RECORDED INFORMATION Start Marker

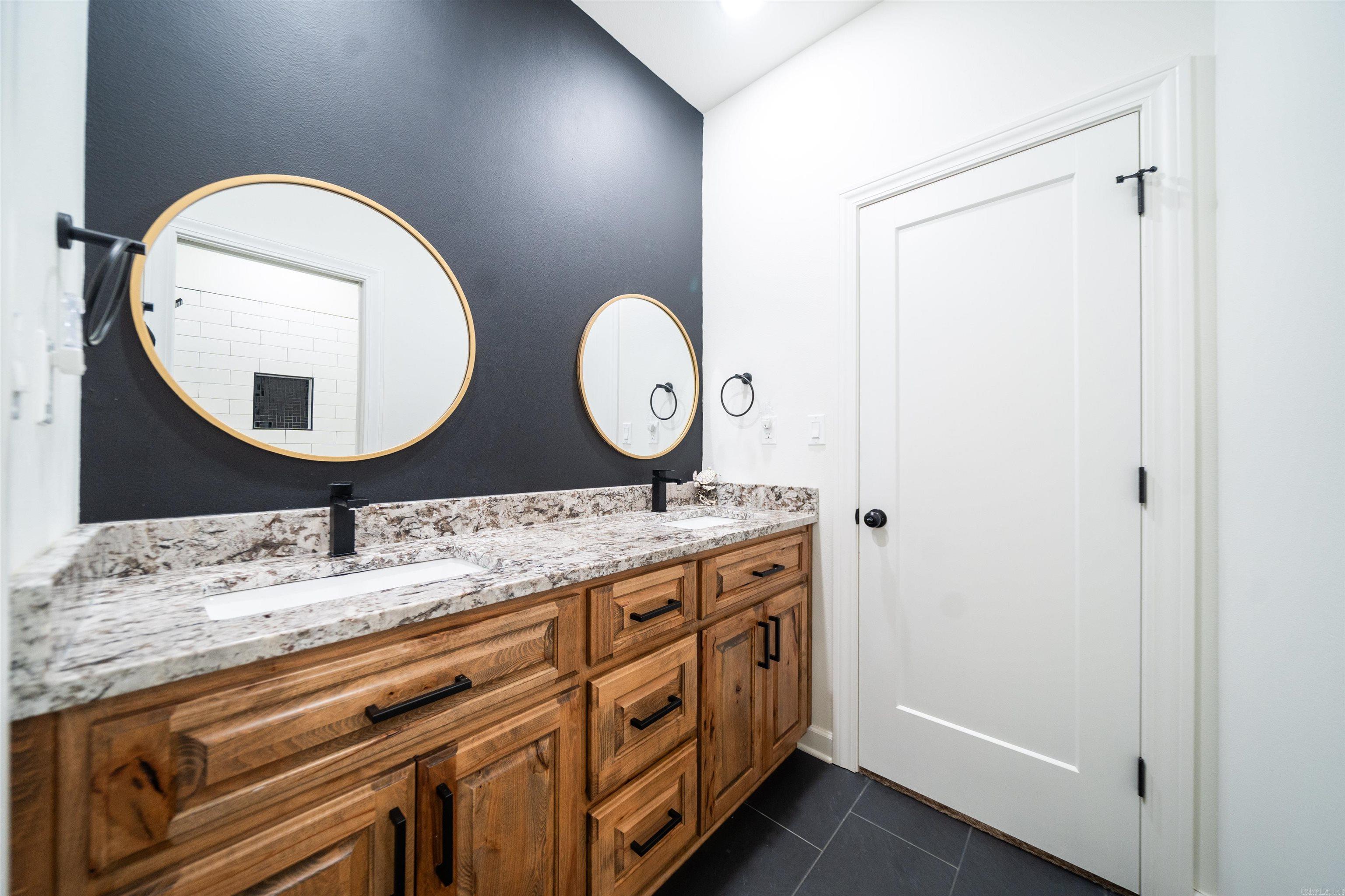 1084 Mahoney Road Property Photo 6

RECORDED INFORMATION End Marker
RECORDED INFORMATION Start Marker

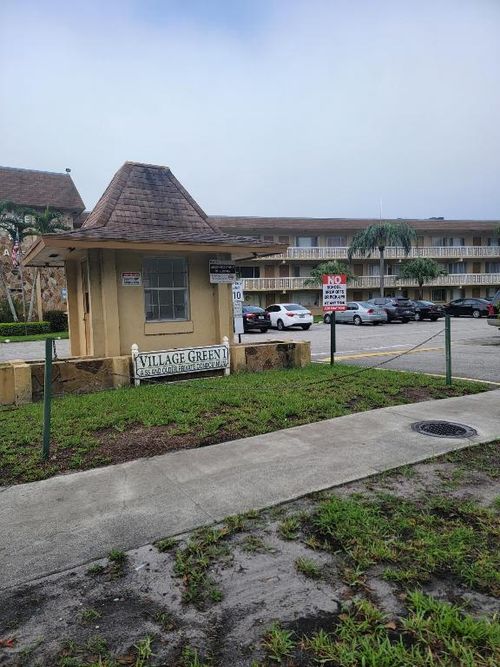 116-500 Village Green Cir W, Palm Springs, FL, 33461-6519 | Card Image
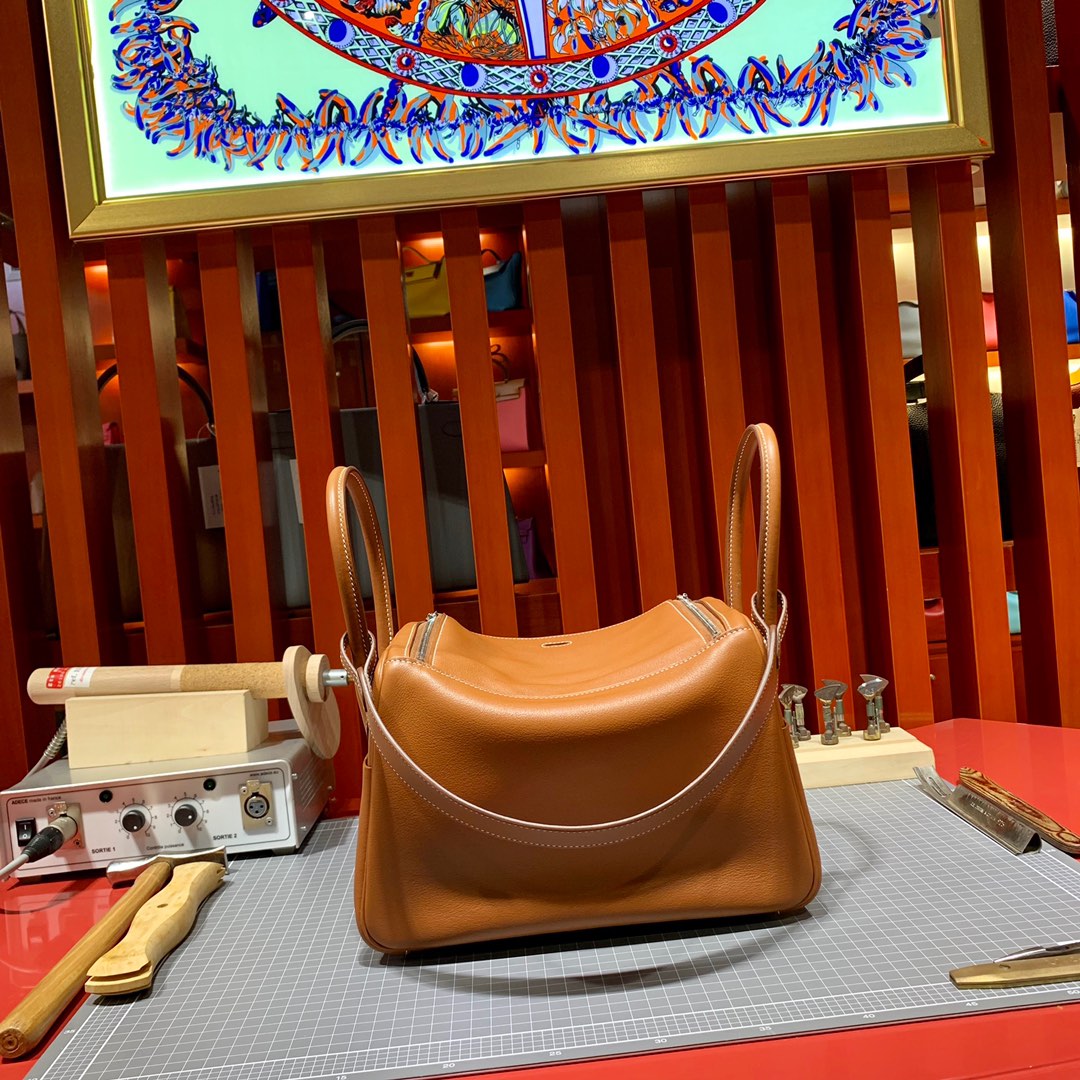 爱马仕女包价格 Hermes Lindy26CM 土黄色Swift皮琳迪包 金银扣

RECORDED INFORMATION End Marker

Extract from the material above the stretch running from the line containing "116-500 Village Green" through the line containing "爱马仕女包价格 Hermes Lindy26CM 土黄色Swift皮琳迪包 金银扣". Keep the text exact and the pictures out.

## THE ANSWER
 116-500 Village Green Cir W, Palm Springs, FL, 33461-6519 | Card Image
 爱马仕女包价格 Hermes Lindy26CM 土黄色Swift皮琳迪包 金银扣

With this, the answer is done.